According to Apple there is an app for just about anything and everything you could possibly want or need (and many that I personally still struggle to see the point of).  You can use apps for everything from working out your share of a bill, checking something is level using the spirit level app and much more.

Increasingly now companies are launching apps that are intended to help their customers to “self-service” their accounts.  The list is truly endless and the pace of development shows no signs of slowing down – if anything in fact it is increasing as more and more organisations jump on the app bandwagon.

Examples of apps that are being used to help customers access services and manage their accounts include things like the nectar app, various gambling apps such as Paddy Power and William Hill as well as apps for submitting meter readings to your energy supplier.  Banks are slowly catching on and are very slowly releasing apps, which will help you to manage your bank account using a smartphone.

In principle this idea is a very good one with a dual benefit.  Firstly customers can feel more in control of their own accounts and can perform a number of self-service actions without having to sit on the phone for hours on end and secondly organisations have to spend less time answering routine questions about customer’s accounts.

As a self-confessed gadget freak and also a person who values my time as a very precious commodity I am in theory all for this technological development and advancement.  Anything that allows me to feel high-tech whilst saving me time is always likely to get a huge tick in the box from me.

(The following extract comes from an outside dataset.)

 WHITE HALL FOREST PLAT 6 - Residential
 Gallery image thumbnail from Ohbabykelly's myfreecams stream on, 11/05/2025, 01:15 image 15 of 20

In many ways the use of apps for self-service customer service is actually just an extension of the online facilities that almost all organisations currently offer.  How long therefore will it be until instead of the message “we are experiencing high call volumes and most answers can be found online” is replaced with “check your app before calling us?”

The above scenario is obviously a little tongue-in-cheek however the point is that at the moment an app is a toy – a fun thing to use and an innovative and slightly off-the-wall way to manage your account.  As long as it stays like that and companies don’t suddenly start to treat it as anything but a quirky additional service then we are okay.

The long term worry will be when apps become much more universal and 99% of people have a smart phone (it will happen) and Mrs Coggins, 89 years of age from number 42 will be expected to do all of her banking online or through an app as there will no longer be any humans left to speak to on the other end of the phone.

All of the above also assumes that the app you are using actually works and there are a lot of different factors that can influence this – quality of development, mobile signal and provider etc etc – but that is a whole different story.